My experience in Rwanda has solidified in my heart and mind that the key to effective Christian witness, both locally and globally, is to show Jesus by serving through love. The role of the church is to help foster what Rev. Dr. Martin Luther King called the “Beloved Community.” Rev. Dr. Martin Luther King of the Civil Rights Movement understood the preciousness of every human life, the endurance of love, and the power of redemption. Although Dr. King exercised tremendous political astuteness in waging non violent strategies, he was predominantly a man of deep and abiding faith, guided by an intense, albeit high aspiration, to achieve the “Beloved Community” based on Godly agape love – he was a man of Christian witness. [1] Dr. King said that in the Cross resides the highest expression of divine agape through the “greatness of God and the redemptive power of Jesus Christ.” [2] Dr. King said:
I must continue by faith or it is too great a burden to bear and violence, even in self defense, creates more problems that it solves. Only a refusal to hate or kill can put an end to the chain of violence in the world and lead us toward a community where men can live together without fear. Our goal is to create a beloved community and this will require a qualitative change in our souls as well as a quantitative change in our lives. [3]
I conveyed this message of love when reading the story of Rev. Dr. Martin Luther King during one of my Saturday programs with the kids. What really stood out to the children was how much Dr. King loved people and prayed which was what I hoped the children would observe about the story. I also highlighted the importance of love in my third and final sermons preached in Rwanda. My scripture reference was John 13:34-35. I focused on our commandment to show love to others based on Jesus’ sacrificial love for us. I emphasized that to serve is a beautiful thing but to show love is truly Godly as God is love. I explained that in order to truly serve God’s own beloved, you must love God’s people. I further explained that it is only through love of our Father Jesus, that we are able to love others truly, and also be able to forgive. I was emphatic about being a force of love as Jesus cautioned us that it is through our love how others will know the Lord. As the scripture reference of my sermon pronounces, “As I have loved you, so you must love one another. By this all men will know that you are my disciples, if you love one another.”

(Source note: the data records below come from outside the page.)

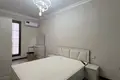 Kvartira 3 xonalar 75 m² Toshkentda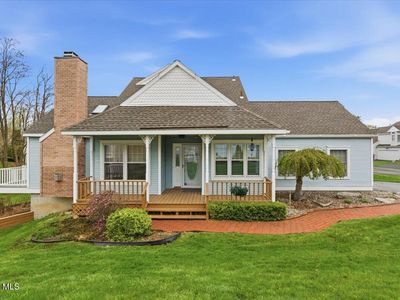 Property at 18 Kensington Place, Albany, NY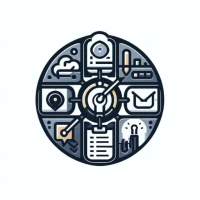 BizConnect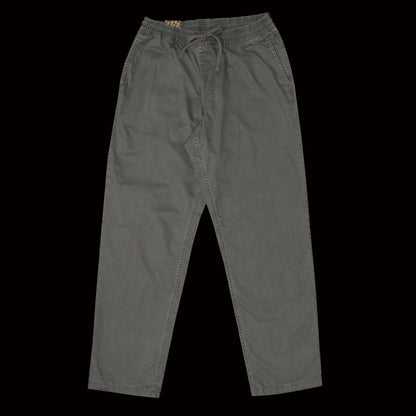 Range Loose Tapered Salt Wash Pant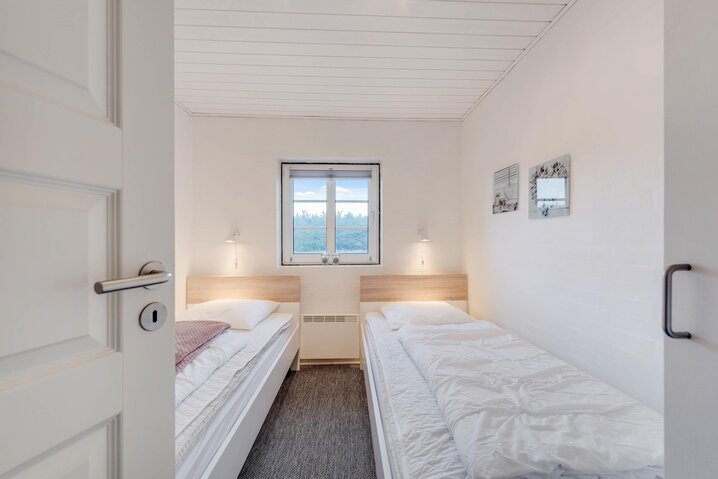 Ferienhaus L6472 in Vedersø Klitvej 23, Vedersø Klit - Bild #29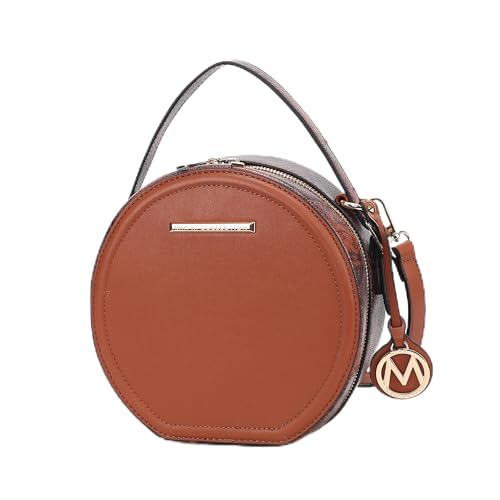 Mallory Cognac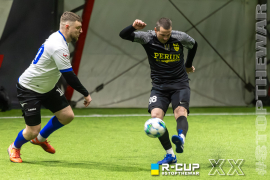 <a href="https://st.getinfootball.com/albums/1099840/69850040111e8_1920.jpg" target="_blank">Завантажити оригінал</a>
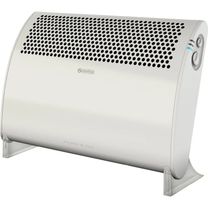 Конвектор Olimpia Splendid CALEO 2 TURBO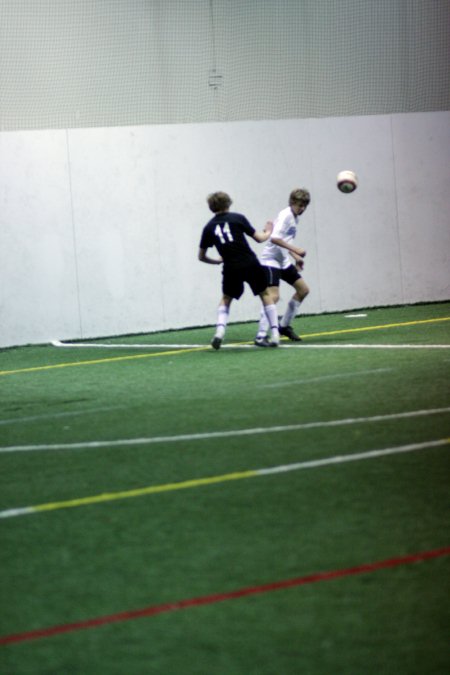 BHS BB vs Azle 29 Jan 09 093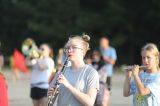 Band Camp Day 9 (58/300)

During my time engaged in ministry in Rwanda it was my sincere desire to be a beacon of hope and love. In terms of practical ministry, I feel that the basis of what we are called to do as disciples of Jesus Christ is to show love – a radical form of love in the way Rev. Dr. King stood for in the midst of intense hatred and racial oppression. Through love – true Agape love, healing, forgiveness and reconciliation are forging its way in the hearts of Rwandans - a people that I love so very much.
[1] John J. Ansbro, Martin Luther King, Jr.: Non Violent Strategies and Tactics for Social Change, (Eugene: Wipf and Stock, 2000), 187.
[2] John J. Ansbro, Martin Luther King, Jr.: Non Violent Strategies and Tactics for Social Change, 15.
[3] Martin Luther King, Jr., Martin Luther King, Jr., “Nonviolence: The Only Road to Freedom,” in A Testament of Hope: The Essential Writings of Martin Luther King, Jr., ed. James Melvin Washington, (San Francisco: Harper and Row, 1990), 56-57.